Don't wanna write a wall of text, but historically fascist movements have come to power under the banner of a charismatic leader with majority support from the population. As fascistic as America is today, I'm not sure there is enough support to sustain a serious fascist movement. Nearly every major city is at least a 50/50 split among liberal democrats and republicans. Many of those republicans are politically uneducated and don't have a real desire for authoritarian dictate. The Republican candidate has won the popular vote in the presidential election once in the last 30 years and the only places where fascists outnumber every day liberals is in rural America.

So can fascism exist without popular majority support in dense urban areas? What does the fall of capitalism look like with no strong left or right movement? Am I naïve and should we expect reactionary attitudes to grow in response to a collapsing economy? My materialist brain is usually pretty good at seeing the direction we're headed but I'm not sure on this one.

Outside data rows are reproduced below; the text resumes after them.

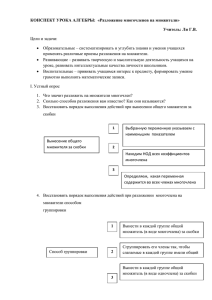 КОНСПЕКТ УРОКА АЛГЕБРЫ: «Разложение многочленов на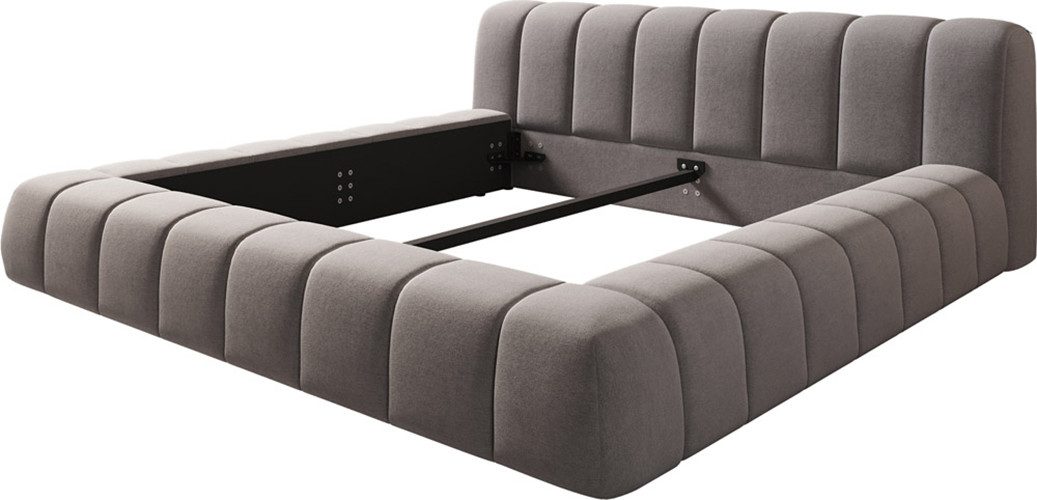 DELIFE Polsterbett Cutio, Mikrofaser Grau 180x200 cm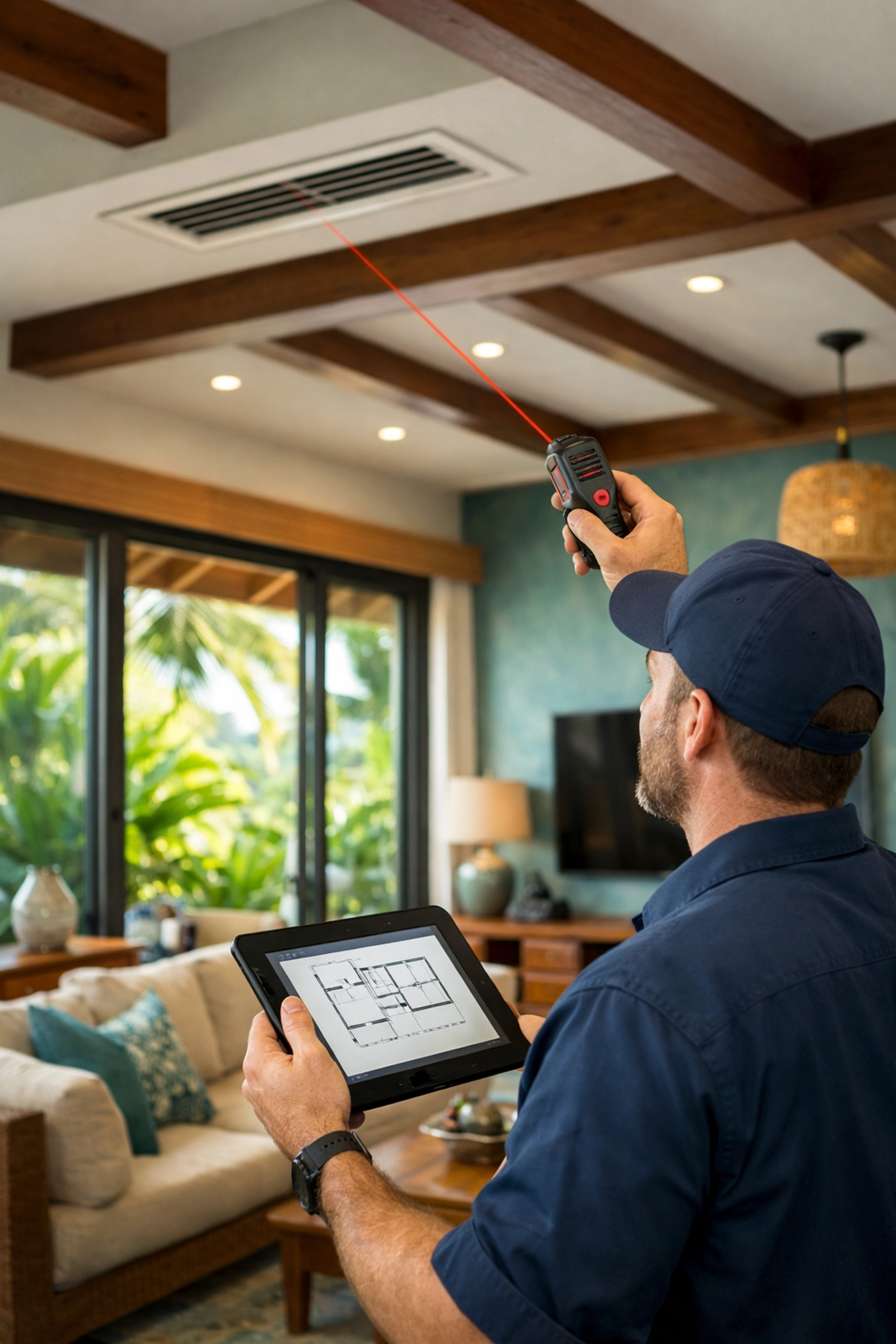 HVAC technician performing load calculation for air conditioning installation Maui property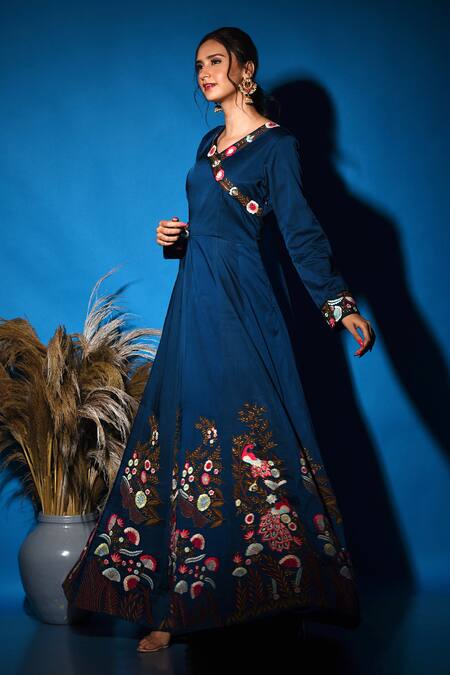 Shop_Label Deepshika Agarwal_Blue Silk Sequins, Embroidery V-neck Peacock Anarkali With Dupatta _Online_at_Aza_Fashions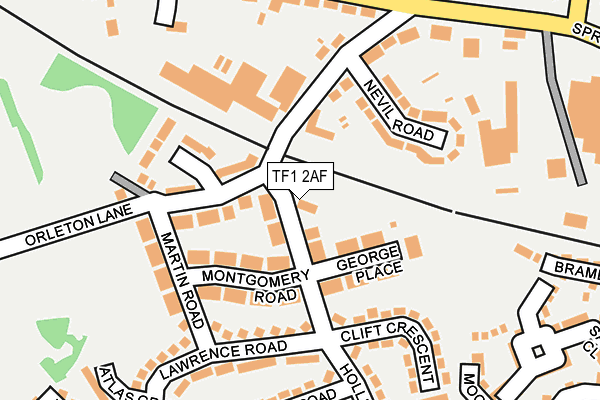 TF1 2AF map - OS OpenMap – Local (Ordnance Survey)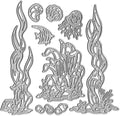 Metal Sea Grass Seaweed Coral Tropical Fish Cutting Dies, Jellyfish Shell Fish by ABTOLS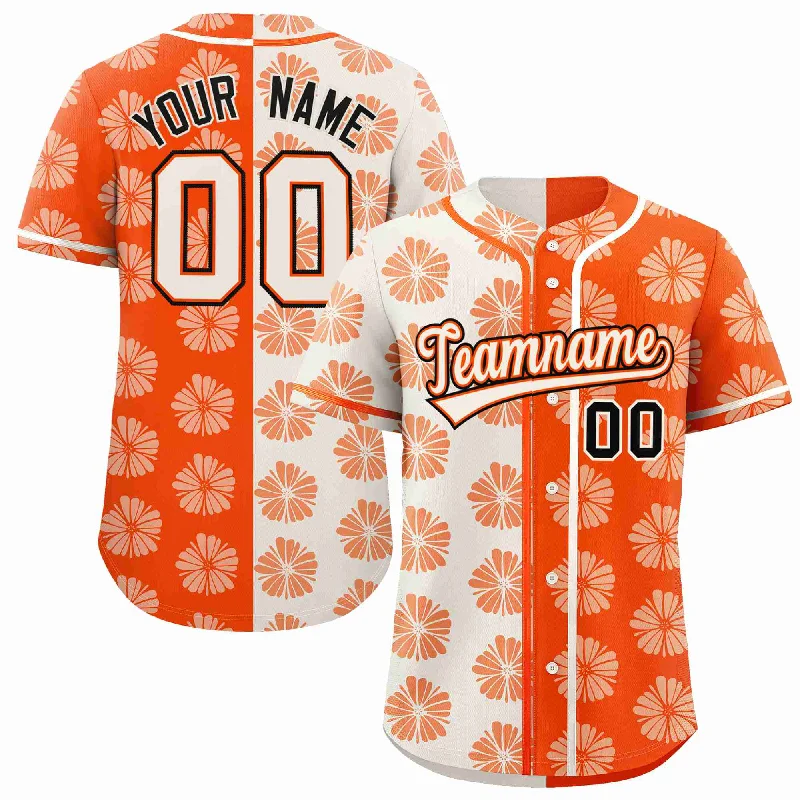 Baseball Jersey for Premium Quality Customization-Custom Cream Orange Split Fashion Flower Graffiti Pattern Authentic Baseball Jersey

I suppose the doomer take is that we haven't actually collapsed yet, and when the jenga tower really starts to fall, libs will be forced to choose between going right and going left. At that point if we don't have a popular workers movement with enough power, actual fascism will become a threat.

  • invo_rt [he/him]
    ·
    2 years ago

    Fascism does not require popular support to exist. It merely needs to support existing power structures of capital.

    To that end, support can exist in urban areas. You have to dress it up in protecting property and public safety rhetoric. I've got full blown Hillary-stan in-laws that were extremely against BLM and Defund and pro police crackdown. It didn't even require them to be threatened directly. Footage on the news and fear that it could happen to them was enough.

    As for the fall of capital, imo, you can't manage a kind of functioning system. It's going to have to be managed in one of two ways; either doubling down on capitalism or trying to finally move past it which will necessarily require eliminating the profit motive as the economic reason for being.

    Economic downturns in modern US history have always led to increases in reactionary attitudes, but it isn't a certainty. When things go to shit, people want a reason for their suffering. They looked to politicians and the news media who were both quick to direct the public's ire away from capital. You see it today with the "Putin Price Hike" rhetoric from the White House. Stoking reactionary fear like this is effective as people don't want to lose what little they have, understandably.

    To be bloomer for a moment, the real issue for capital is the unchecked hyper-exploitation that's being created in the millennial and zoomer generations. Doomed to dwindling job prospects, low home ownership, and few with children is a great recipe for people with nothing to lose. The fact that young people are more amenable to socialism is good, but at the same time, dangerous since few have read theory. This opens up lanes for existing power structures to co-opt the idea of socialism, but use it to reinforce themselves.

    Capitalism will sell us the rope used to hang it and so on...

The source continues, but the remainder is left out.